Content starts

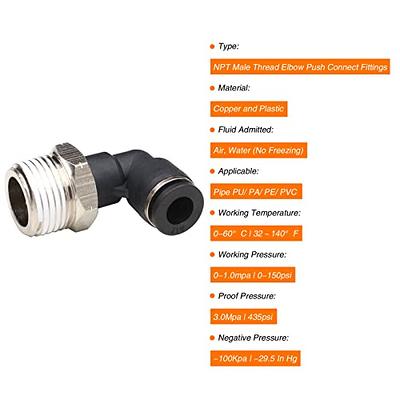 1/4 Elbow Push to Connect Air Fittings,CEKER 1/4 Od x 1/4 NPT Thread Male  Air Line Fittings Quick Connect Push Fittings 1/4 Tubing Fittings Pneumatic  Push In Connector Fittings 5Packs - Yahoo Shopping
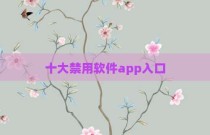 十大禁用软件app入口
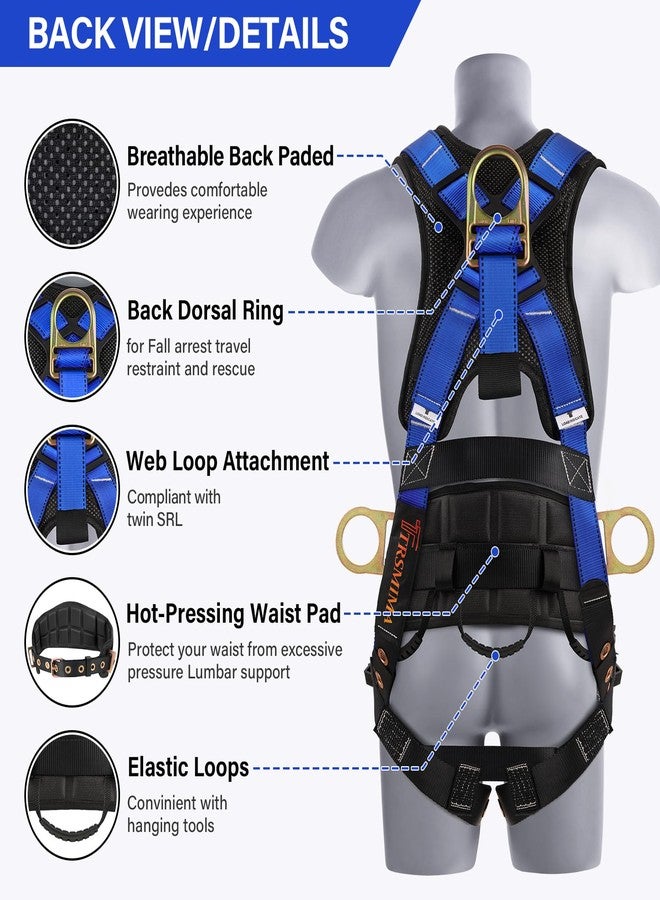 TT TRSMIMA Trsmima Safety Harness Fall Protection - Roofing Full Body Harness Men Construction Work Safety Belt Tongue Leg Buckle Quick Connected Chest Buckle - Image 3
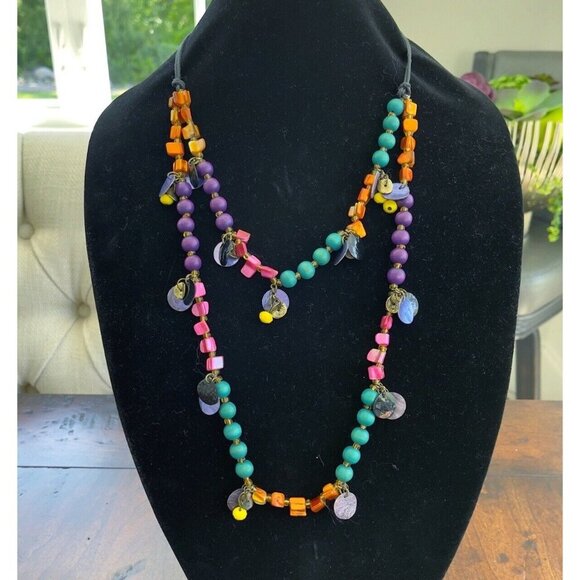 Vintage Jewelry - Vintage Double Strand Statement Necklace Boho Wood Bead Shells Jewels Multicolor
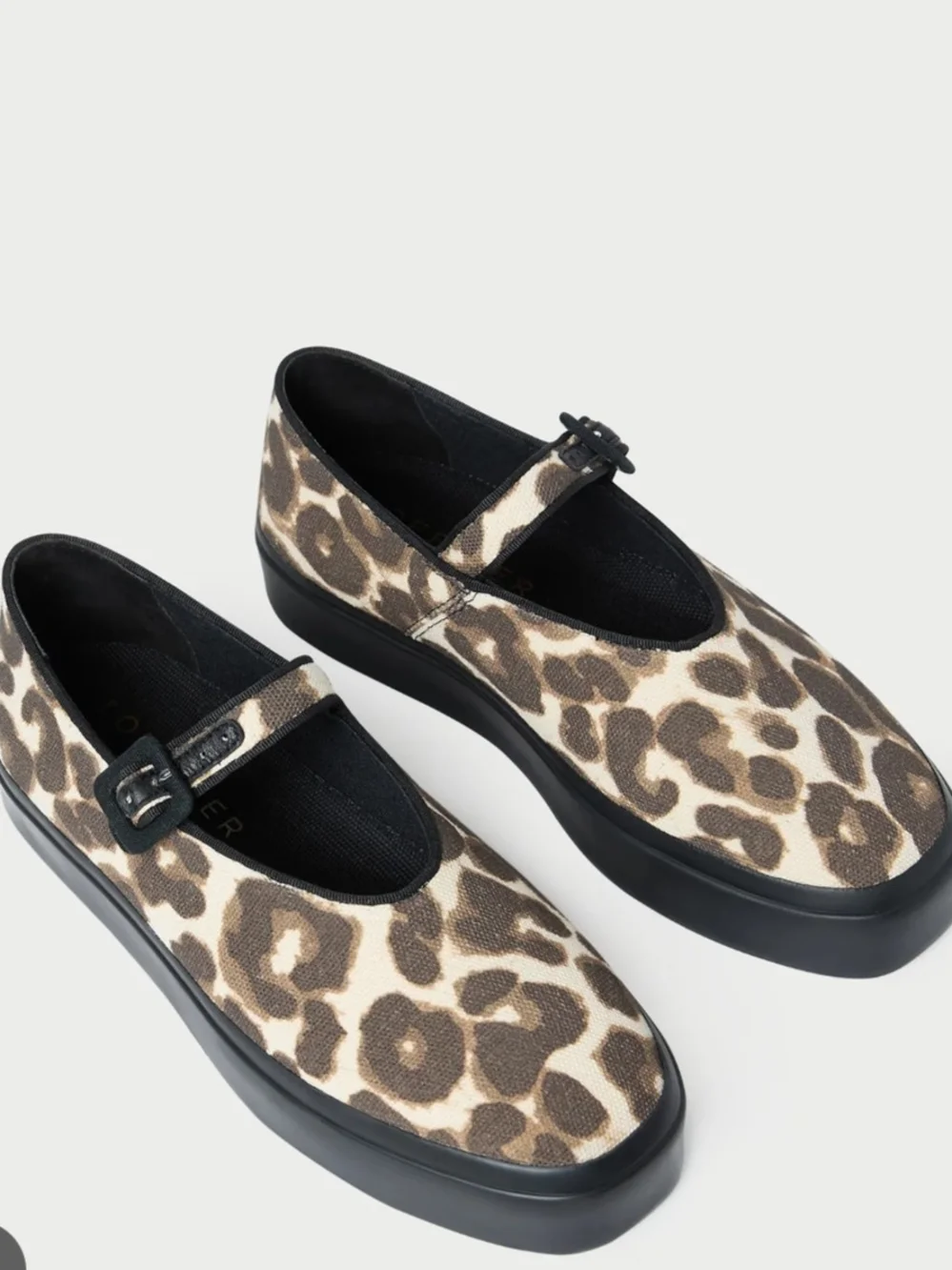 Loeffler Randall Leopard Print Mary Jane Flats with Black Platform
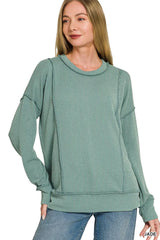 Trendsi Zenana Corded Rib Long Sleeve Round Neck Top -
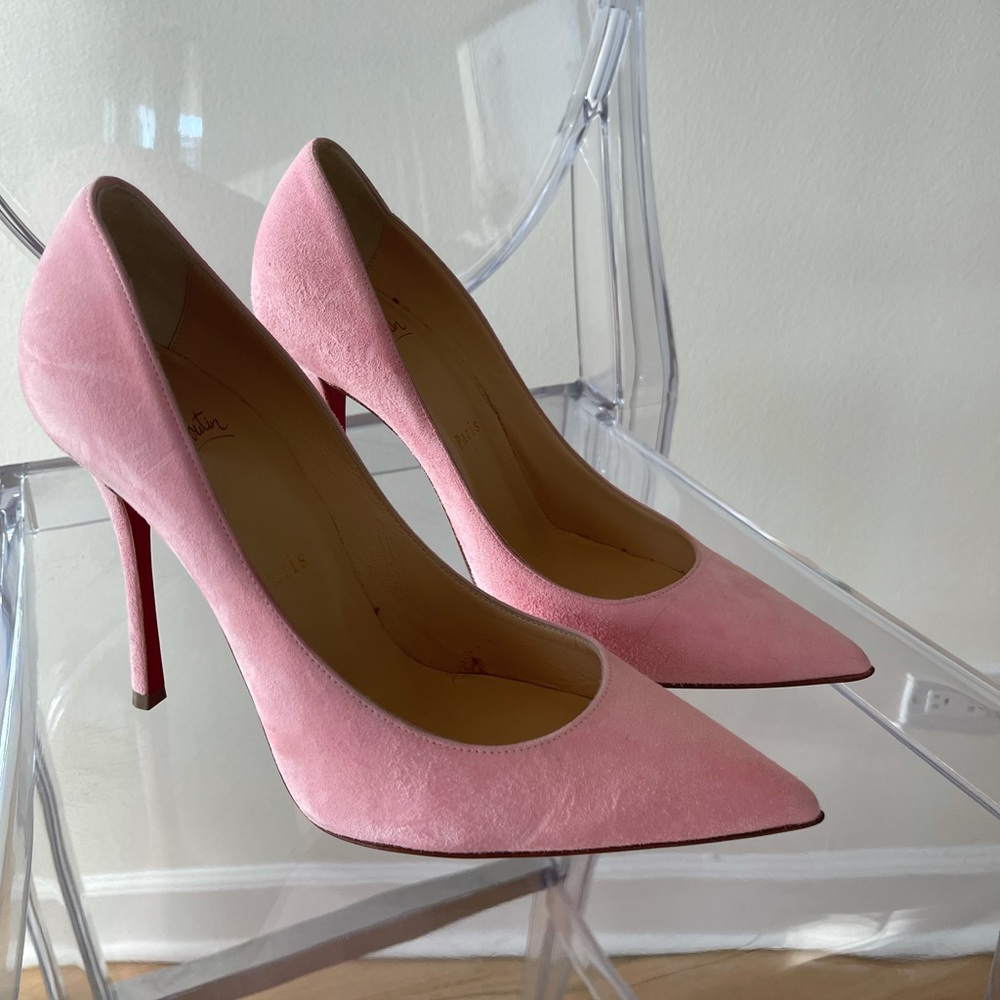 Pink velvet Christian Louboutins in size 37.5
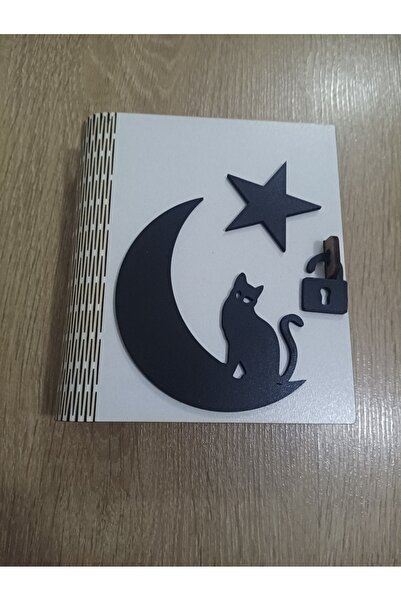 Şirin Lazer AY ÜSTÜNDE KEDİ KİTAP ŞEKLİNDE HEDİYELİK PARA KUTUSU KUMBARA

Content ends

Instructions for the task
Using the data above, write out every line exactly, leaving the images behind.

Solution to this exercise
 1/4 Elbow Push to Connect Air Fittings,CEKER 1/4 Od x 1/4 NPT Thread Male  Air Line Fittings Quick Connect Push Fittings 1/4 Tubing Fittings Pneumatic  Push In Connector Fittings 5Packs - Yahoo Shopping
 十大禁用软件app入口
 TT TRSMIMA Trsmima Safety Harness Fall Protection - Roofing Full Body Harness Men Construction Work Safety Belt Tongue Leg Buckle Quick Connected Chest Buckle - Image 3
 Vintage Jewelry - Vintage Double Strand Statement Necklace Boho Wood Bead Shells Jewels Multicolor
 Loeffler Randall Leopard Print Mary Jane Flats with Black Platform
 Trendsi Zenana Corded Rib Long Sleeve Round Neck Top -
 Pink velvet Christian Louboutins in size 37.5
 Şirin Lazer AY ÜSTÜNDE KEDİ KİTAP ŞEKLİNDE HEDİYELİK PARA KUTUSU KUMBARA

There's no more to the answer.